### What the task asks
Copy the listing below letter for letter, passing over each picture.

--- Information supplied Enclosed Below ---

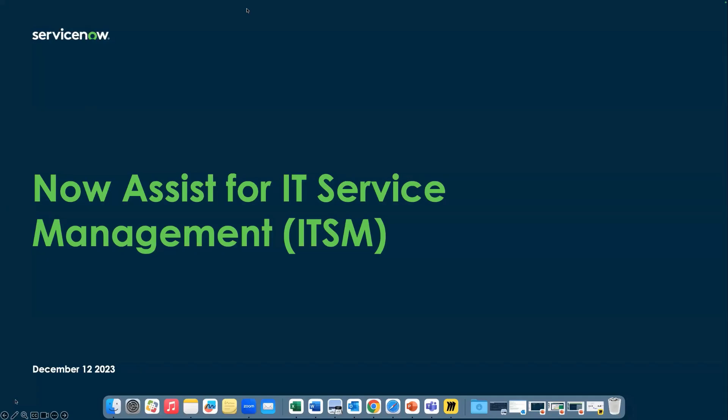All right, we're two minutes in, so we're going to get going. Good morning, good evening, good afternoon, depending on which part of the world you're in. My name is Shashank Sagar. I'm a Senior Director with the ITSM Business Unit, and I'm really excited to talk to you together with my esteemed colleague, Jason Leung, about NowAssist features that we've just launched in the November release.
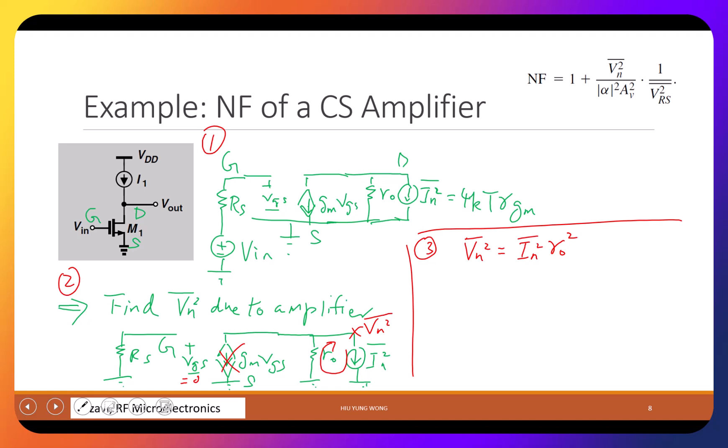Make sure you understand this because it appears in exams and in the project — you need to be able to prove it. Now for the noise figure, I need a few more things. What is alpha in this case? Alpha equals Zin divided by (Zin + RS).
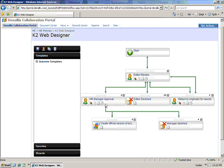Upon approval by the HR manager, the document is sent to a record center, or, if declined, the document is deleted from the document library.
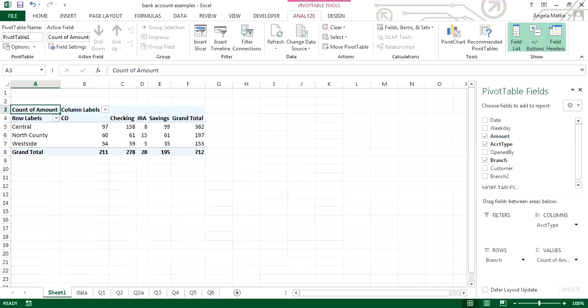You'll notice it defaulted to count of amounts. By default, Excel tries to do certain things with the values based on what it sees in the data itself. Always go back and look, because it's very easy at a glance to think it's done what you want it to do. Remember, Excel may not interpret it the way that we want to — so always go back and make sure you actually wanted to count the amounts.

--- End of Enclosed Information supplied ---

### Your solution
All right, we're two minutes in, so we're going to get going. Good morning, good evening, good afternoon, depending on which part of the world you're in. My name is Shashank Sagar. I'm a Senior Director with the ITSM Business Unit, and I'm really excited to talk to you together with my esteemed colleague, Jason Leung, about NowAssist features that we've just launched in the November release.
Make sure you understand this because it appears in exams and in the project — you need to be able to prove it. Now for the noise figure, I need a few more things. What is alpha in this case? Alpha equals Zin divided by (Zin + RS).
Upon approval by the HR manager, the document is sent to a record center, or, if declined, the document is deleted from the document library.
You'll notice it defaulted to count of amounts. By default, Excel tries to do certain things with the values based on what it sees in the data itself. Always go back and look, because it's very easy at a glance to think it's done what you want it to do. Remember, Excel may not interpret it the way that we want to — so always go back and make sure you actually wanted to count the amounts.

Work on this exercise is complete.